Once you and your husband do retire, rent short-term in the Left Bank’s Latin Quarter. Do it during the less expensive off- and “shoulder” seasons. When possible, reserve the wood-beamed studio overlooking the narrow Impasse Maubert where, according to the history books, a 17th-century poison expert named Exili helped concoct “recipes” with the Marquise de Brinvilliers. (The infamous marquise practiced on others before killing off dad and her siblings to gain the family fortune.) In the apartment’s cramped kitchenette, do cuisine bourgeoise like Julia Child possessed. When your husband frowns at two-day-old leftovers, flash an evil grin. Offer to garnish his plate with mushrooms you bought from a spooky old guy in the alley.
Take advantage of the freebies. In season, ice skate at the rink at the Hotel de Ville (City Hall). On Bastille Day, take in a special free matinee at La Comedie-Francaise. Later, dance the night away at your neighborhood firehouse’s bal.des pompiers. Or be dazzled by late-night holiday fireworks over the floodlit Trocadero gardens. On weekend afternoons in summer, stroll the Bois de Vincennes’ Parc Floral and enjoy a gratuitous late afternoon concert while smelling the flowers. Visit the Louvre free the first Sunday of every month. Any Wednesday, from 5 to 8, pay nothing at the Marais’ Musee Photographie de la Europeen to admire stunning black-and-white images shot in the last half century. Window-shop at pricey modern craft shops under the Viaduc des Arts, where glassblowers, costume jewelers, weavers and other artisans let you watch as they ply their trade. Uptown, at the sumptuous leather goods emporium, Hermes, admire occasional free exhibits on the wonders of nature.
Go places lots of Parisians never go. On a raw February day, brave the line at Berthillon, the peerless ice cream and sorbet parlor on the Ile St. Louis. Shiver gleefully as you lick a cone with deux boules; one passion fruit, one chestnut. In late April/early May, board bus 52 or 72 in central Paris and head a few miles west to the Albert Kahn Gardens in suburban Boulogne-Billancourt. There, in the serenity of the Japanese garden, feast your eyes on hillocks of fuchsia azaleas mirrored in a brook lined with white pebbles.
Any time of year discover some of the city’s oddball collections; for instance, antique murder weapons and bloodstained bits of evidence at the Police Museum in the 5th arrondissement’s police headquarters. Or bogus Benedictine bottles and Louis Vuitton knockoffs at the Forgeries Museum in the 16th. Or, in Pigalle, the objets d’art on display in the Musee de l’Erotisme (enough to make a porn queen blush).

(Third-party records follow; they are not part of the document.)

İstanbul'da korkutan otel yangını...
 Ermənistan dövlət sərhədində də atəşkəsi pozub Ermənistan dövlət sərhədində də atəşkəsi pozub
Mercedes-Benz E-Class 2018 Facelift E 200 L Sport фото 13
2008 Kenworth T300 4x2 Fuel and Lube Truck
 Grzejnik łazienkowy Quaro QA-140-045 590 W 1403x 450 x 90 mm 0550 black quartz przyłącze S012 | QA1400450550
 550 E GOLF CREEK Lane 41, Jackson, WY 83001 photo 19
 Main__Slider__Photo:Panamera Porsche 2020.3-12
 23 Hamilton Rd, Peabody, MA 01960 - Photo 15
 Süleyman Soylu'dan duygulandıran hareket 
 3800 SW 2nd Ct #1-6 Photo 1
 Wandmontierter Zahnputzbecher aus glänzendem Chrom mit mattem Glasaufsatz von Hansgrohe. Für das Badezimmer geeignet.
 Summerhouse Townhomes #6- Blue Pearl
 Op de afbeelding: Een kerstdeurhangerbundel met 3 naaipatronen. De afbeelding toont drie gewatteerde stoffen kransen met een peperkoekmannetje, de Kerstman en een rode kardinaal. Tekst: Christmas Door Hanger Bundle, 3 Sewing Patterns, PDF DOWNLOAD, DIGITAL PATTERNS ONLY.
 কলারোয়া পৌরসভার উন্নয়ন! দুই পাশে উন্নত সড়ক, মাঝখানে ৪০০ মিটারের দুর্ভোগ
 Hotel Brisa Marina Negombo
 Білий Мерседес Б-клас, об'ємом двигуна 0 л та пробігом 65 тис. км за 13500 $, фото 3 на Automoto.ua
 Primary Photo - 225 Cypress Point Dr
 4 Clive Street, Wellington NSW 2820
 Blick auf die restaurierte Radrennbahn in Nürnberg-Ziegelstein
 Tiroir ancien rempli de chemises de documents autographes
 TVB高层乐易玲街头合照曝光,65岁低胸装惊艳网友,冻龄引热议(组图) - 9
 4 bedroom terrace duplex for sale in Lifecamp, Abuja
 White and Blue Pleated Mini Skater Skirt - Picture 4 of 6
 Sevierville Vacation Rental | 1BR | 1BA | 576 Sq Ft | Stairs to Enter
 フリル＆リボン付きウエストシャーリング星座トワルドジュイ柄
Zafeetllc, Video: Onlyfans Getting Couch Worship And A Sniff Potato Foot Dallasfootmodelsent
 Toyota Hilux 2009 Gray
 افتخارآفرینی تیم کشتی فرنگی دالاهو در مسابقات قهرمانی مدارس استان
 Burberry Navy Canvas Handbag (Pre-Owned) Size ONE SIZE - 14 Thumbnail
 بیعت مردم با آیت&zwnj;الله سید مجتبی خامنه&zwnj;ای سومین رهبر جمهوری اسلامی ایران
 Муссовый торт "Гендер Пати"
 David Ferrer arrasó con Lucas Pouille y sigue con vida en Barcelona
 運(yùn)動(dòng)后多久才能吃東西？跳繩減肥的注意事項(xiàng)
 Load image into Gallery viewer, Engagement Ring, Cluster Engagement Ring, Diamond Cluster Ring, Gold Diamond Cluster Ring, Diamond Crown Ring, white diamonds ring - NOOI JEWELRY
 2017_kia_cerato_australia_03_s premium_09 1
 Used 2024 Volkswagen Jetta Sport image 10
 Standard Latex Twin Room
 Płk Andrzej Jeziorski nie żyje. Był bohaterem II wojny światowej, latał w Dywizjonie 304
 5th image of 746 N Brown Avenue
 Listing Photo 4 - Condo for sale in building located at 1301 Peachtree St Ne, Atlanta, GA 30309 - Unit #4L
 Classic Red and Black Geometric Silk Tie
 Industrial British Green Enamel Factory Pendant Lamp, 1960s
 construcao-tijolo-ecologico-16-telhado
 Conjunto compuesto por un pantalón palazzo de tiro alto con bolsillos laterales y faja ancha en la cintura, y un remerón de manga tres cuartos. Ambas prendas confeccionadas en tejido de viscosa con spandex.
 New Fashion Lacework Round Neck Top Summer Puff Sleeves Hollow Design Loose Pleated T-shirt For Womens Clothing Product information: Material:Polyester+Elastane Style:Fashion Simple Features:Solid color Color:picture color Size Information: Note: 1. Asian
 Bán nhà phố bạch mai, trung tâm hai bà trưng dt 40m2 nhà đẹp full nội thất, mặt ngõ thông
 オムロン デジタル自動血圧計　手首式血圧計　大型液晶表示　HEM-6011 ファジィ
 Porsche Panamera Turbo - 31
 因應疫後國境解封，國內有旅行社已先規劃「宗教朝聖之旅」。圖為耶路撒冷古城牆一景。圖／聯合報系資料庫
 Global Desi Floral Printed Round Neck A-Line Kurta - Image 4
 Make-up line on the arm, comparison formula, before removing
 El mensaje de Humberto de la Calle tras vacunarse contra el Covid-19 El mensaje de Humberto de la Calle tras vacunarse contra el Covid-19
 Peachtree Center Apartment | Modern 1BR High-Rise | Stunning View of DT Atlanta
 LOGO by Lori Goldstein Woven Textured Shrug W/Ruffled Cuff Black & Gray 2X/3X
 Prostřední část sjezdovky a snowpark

After several exhilarating years of faux-camping, vow never to pack up your tent for good. For a change, though, do something touristy and well beyond the budget you’ve been holding to. From a Yachts de Paris dinner table, see panoramic Paris all atwinkle as you glide down the Seine. With DeGaullian aplomb, order four elaborate courses en francais. Later, as you point to a Left Bank penthouse with a splendid view of the Place de la Concorde, joke with your husband. Tell him that that’s the pied a terre you want when he wins PowerBall. Reach for his hand when you hear the trade-off: “OK, if you’ll still cook.”
As you pass Orsay, muse about yourself and your muse. Accept the fact that you’ll never be a true Parisian, merely an ardent wannabe. Of course, you’d hardly be that if Monet hadn’t forced you to take 10 giant steps back to appreciate his work—and, ultimately, the city in which much of it hangs.
Wonder if placing four or five different portraits of the Impressionist on a wall in your den mightn’t be a seemly tribute.